ASSIGNMENT>
Check each line of the records for "iPhone"; collect those that have it.

[[ AVAILABLE DATA, beginning ]]

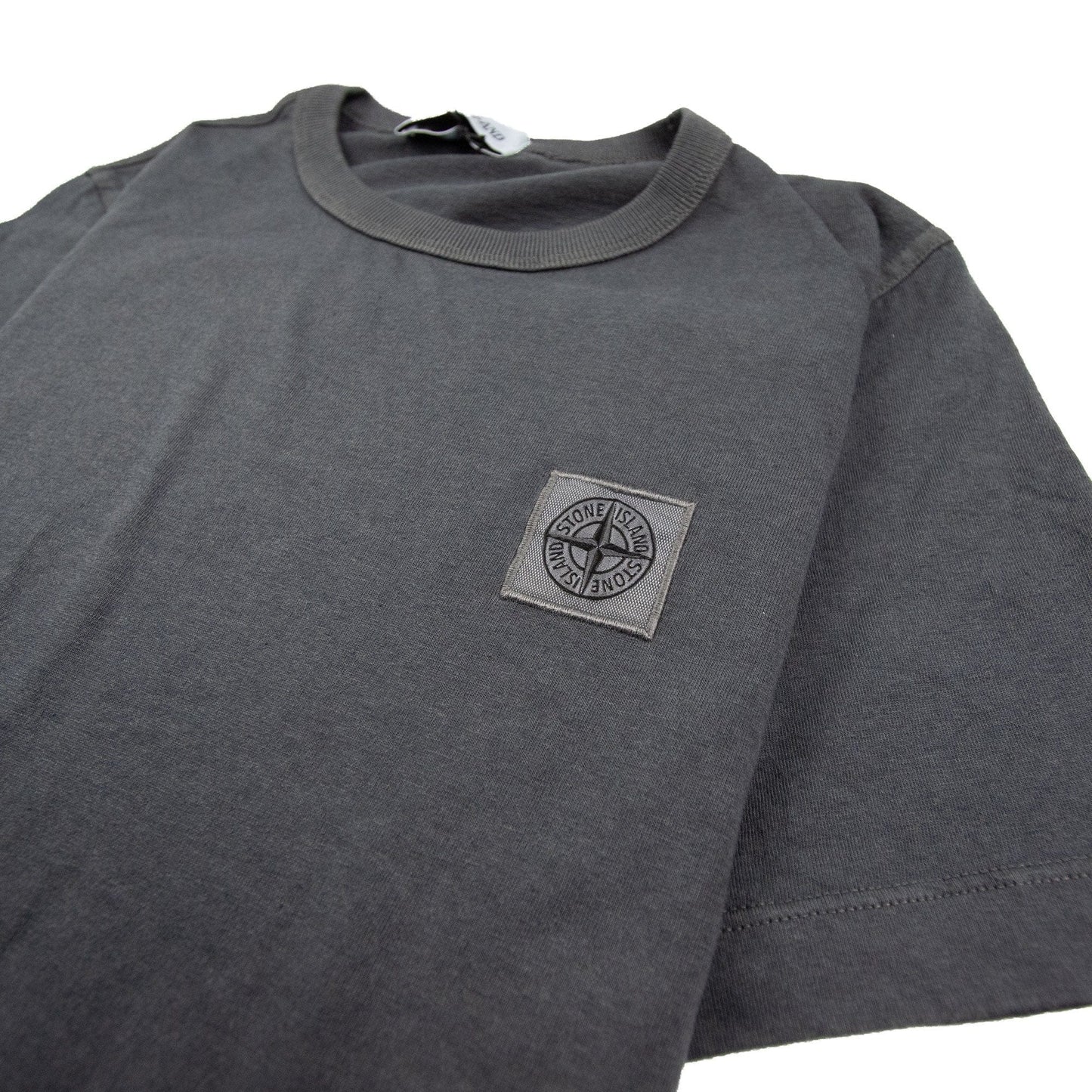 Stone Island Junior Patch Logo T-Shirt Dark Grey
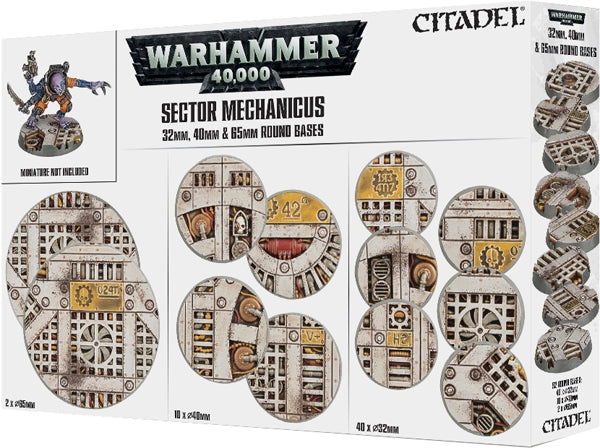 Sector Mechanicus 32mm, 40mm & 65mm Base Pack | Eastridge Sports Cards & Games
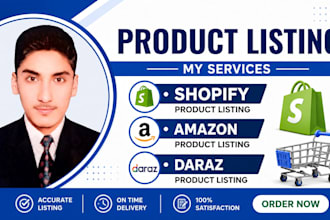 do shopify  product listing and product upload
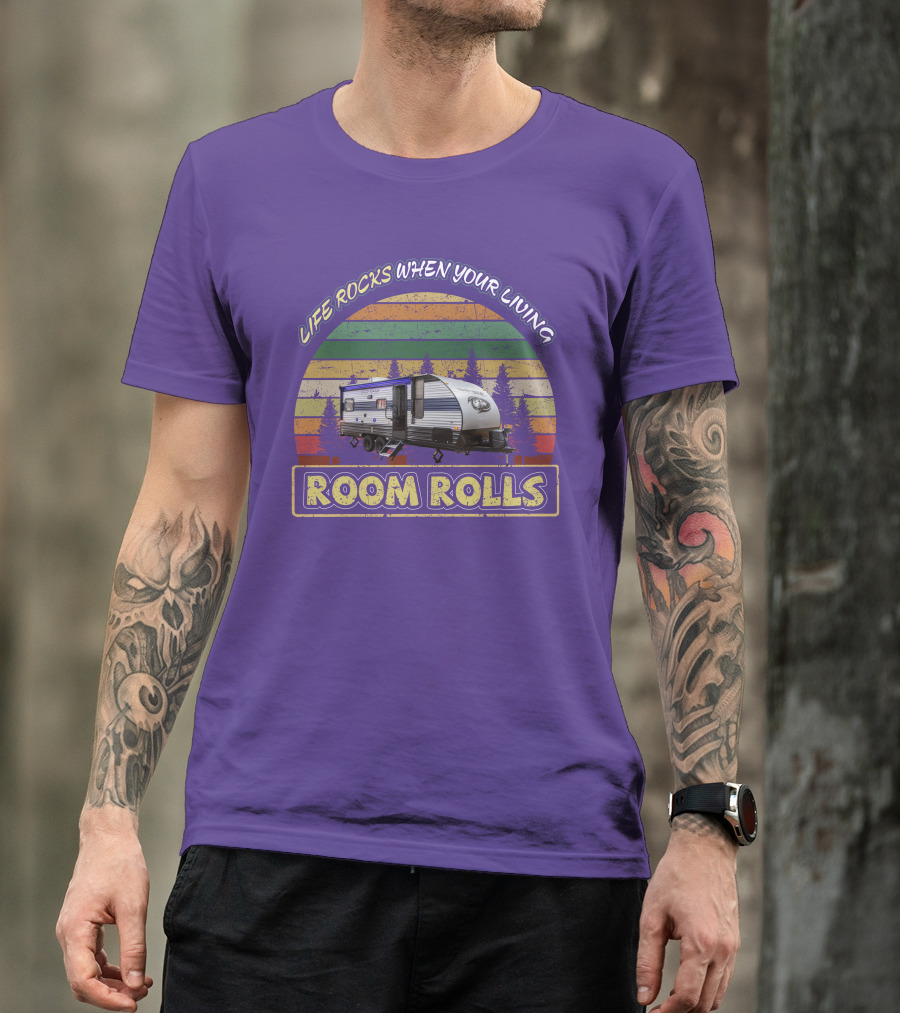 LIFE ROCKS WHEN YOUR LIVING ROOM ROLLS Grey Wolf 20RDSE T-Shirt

[[ AVAILABLE DATA, end ]]
[[ AVAILABLE DATA, beginning ]]

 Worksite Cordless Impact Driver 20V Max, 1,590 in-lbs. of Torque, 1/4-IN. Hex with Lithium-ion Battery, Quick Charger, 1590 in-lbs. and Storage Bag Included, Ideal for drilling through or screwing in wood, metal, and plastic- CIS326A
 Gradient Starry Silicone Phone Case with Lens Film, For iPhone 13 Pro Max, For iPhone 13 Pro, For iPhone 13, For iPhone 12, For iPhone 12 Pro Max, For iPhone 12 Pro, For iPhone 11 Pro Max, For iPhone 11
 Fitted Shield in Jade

[[ AVAILABLE DATA, end ]]
[[ AVAILABLE DATA, beginning ]]

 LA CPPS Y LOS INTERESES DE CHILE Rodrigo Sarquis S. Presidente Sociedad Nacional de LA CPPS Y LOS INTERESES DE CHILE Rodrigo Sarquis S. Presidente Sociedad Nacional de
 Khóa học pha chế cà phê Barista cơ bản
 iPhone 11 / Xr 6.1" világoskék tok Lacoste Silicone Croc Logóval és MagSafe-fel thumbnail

[[ AVAILABLE DATA, end ]]

SOLUTION>
 Gradient Starry Silicone Phone Case with Lens Film, For iPhone 13 Pro Max, For iPhone 13 Pro, For iPhone 13, For iPhone 12, For iPhone 12 Pro Max, For iPhone 12 Pro, For iPhone 11 Pro Max, For iPhone 11
 iPhone 11 / Xr 6.1" világoskék tok Lacoste Silicone Croc Logóval és MagSafe-fel thumbnail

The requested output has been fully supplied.